**REQUIRED WORK**
The answer must be the lines from the one that holds "Antique Burmese Standing" through the final line of the data, copied exactly, with no pictures.

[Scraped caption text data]

=== Section Start ===

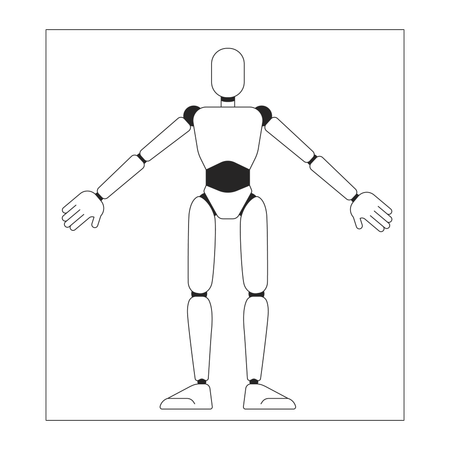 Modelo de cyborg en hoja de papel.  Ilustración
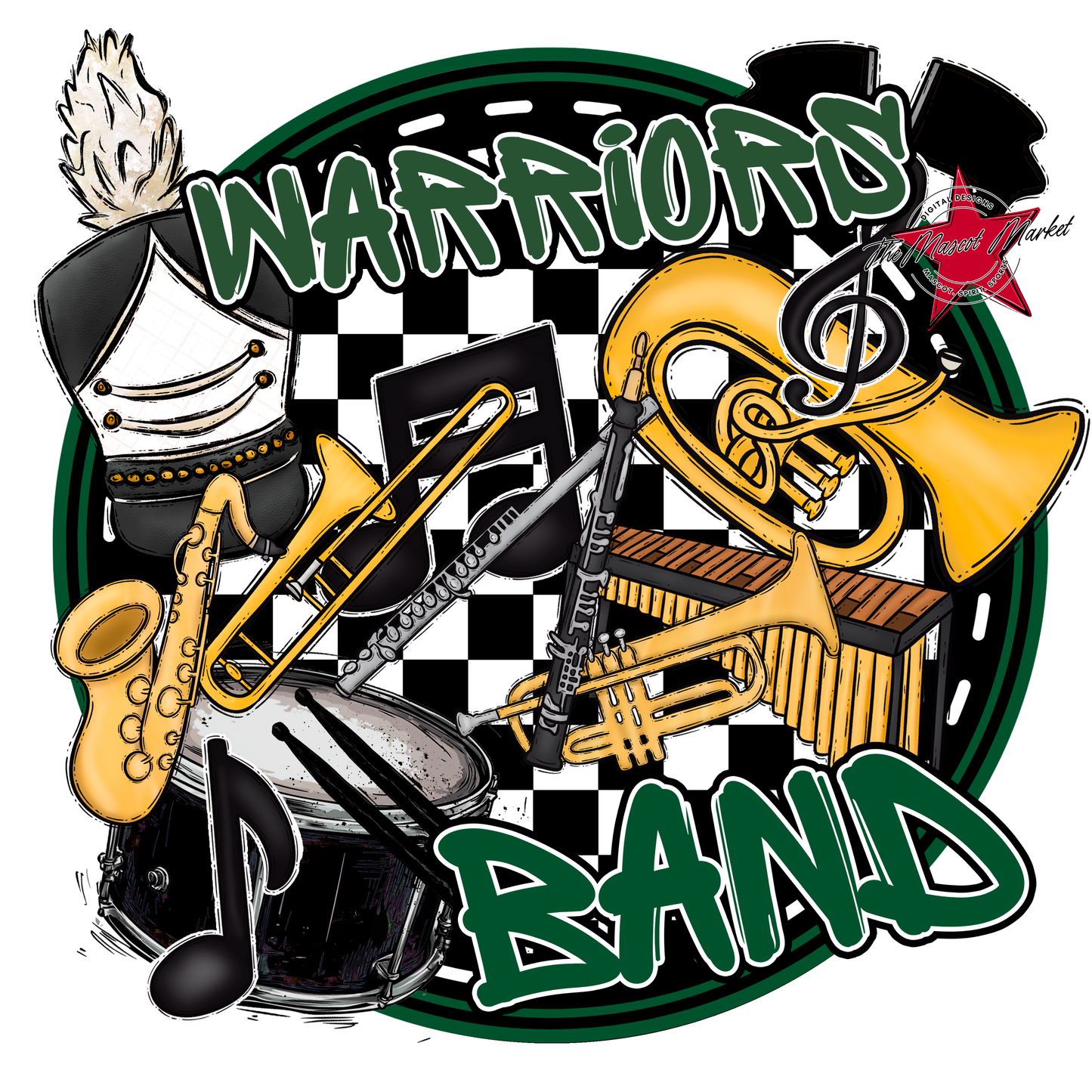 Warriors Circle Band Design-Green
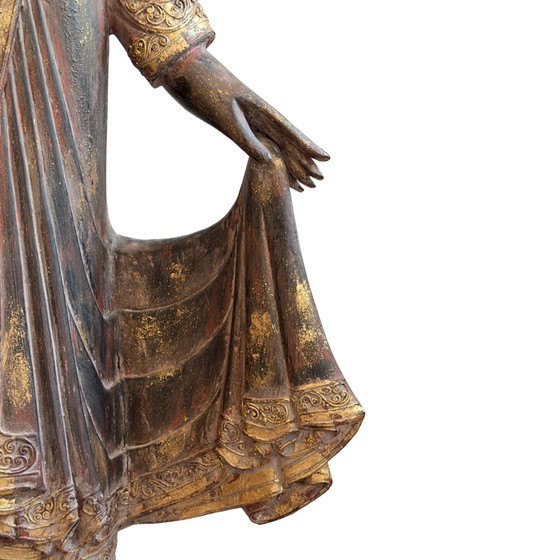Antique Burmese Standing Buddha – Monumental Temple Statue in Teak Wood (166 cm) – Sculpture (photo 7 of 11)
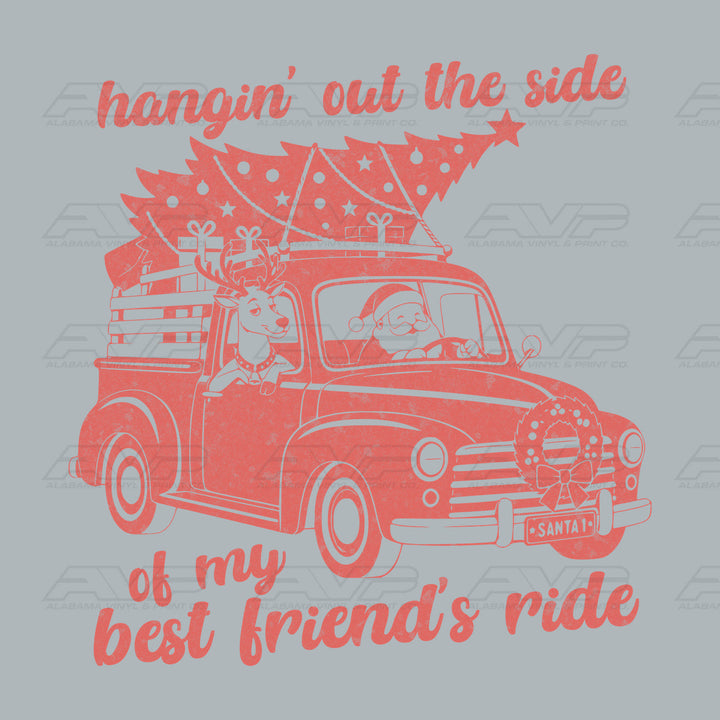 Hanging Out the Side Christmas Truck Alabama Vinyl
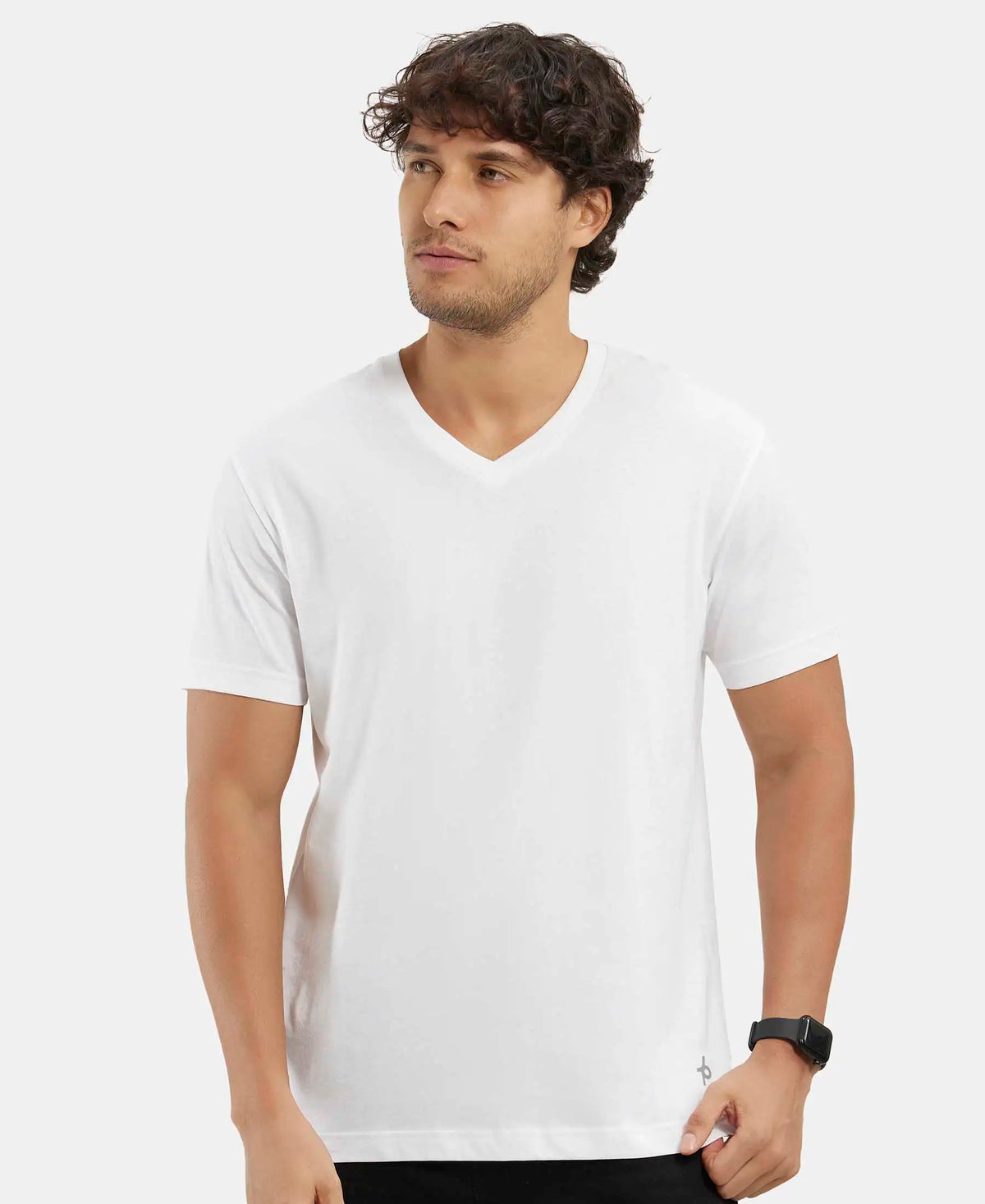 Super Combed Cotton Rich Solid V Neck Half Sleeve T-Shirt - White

=== Section End ===

**EXERCISE SOLUTION**
Antique Burmese Standing Buddha – Monumental Temple Statue in Teak Wood (166 cm) – Sculpture (photo 7 of 11)
 Hanging Out the Side Christmas Truck Alabama Vinyl
 Super Combed Cotton Rich Solid V Neck Half Sleeve T-Shirt - White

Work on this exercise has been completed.